§ What to do:
Please make sure what you return matches the listing below exactly, minus its pictures.

§ Data:
[Start of section]

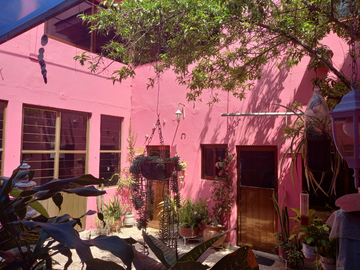 Casa en venta en Cuchilla Agrícola Oriental. A 500m del metro Puebla.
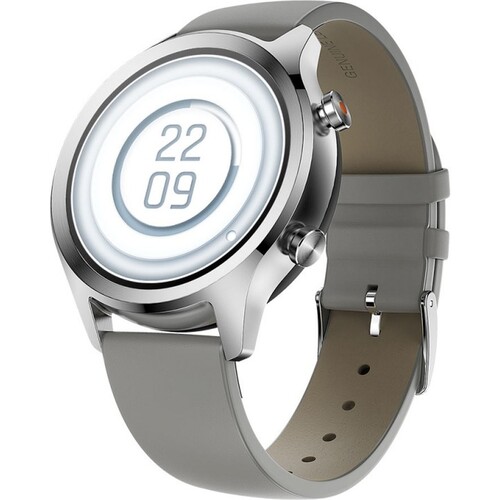 ticwatch silver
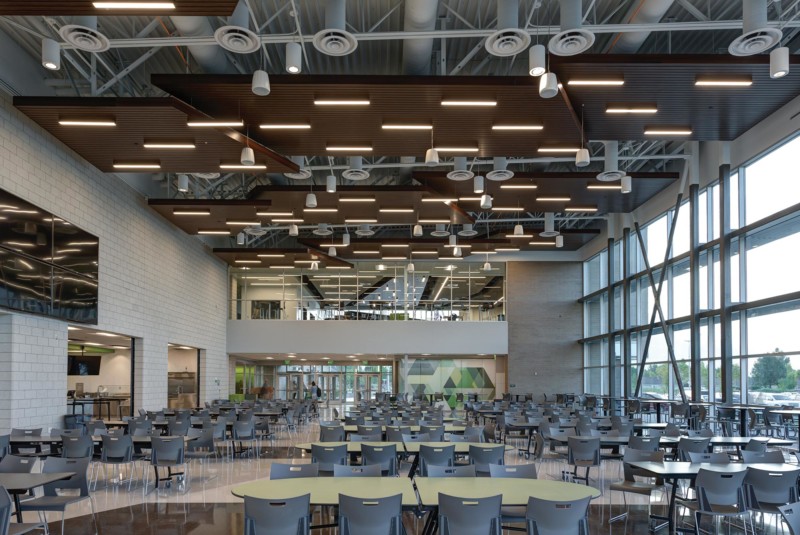 Provo-High-School-Interior-Cafeteria-Looking-to-Library Provo-High-School-Interior-Cafeteria-Looking-to-Library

[End of section]

§ Exercise result:
 Casa en venta en Cuchilla Agrícola Oriental. A 500m del metro Puebla.
 ticwatch silver
 Provo-High-School-Interior-Cafeteria-Looking-to-Library Provo-High-School-Interior-Cafeteria-Looking-to-Library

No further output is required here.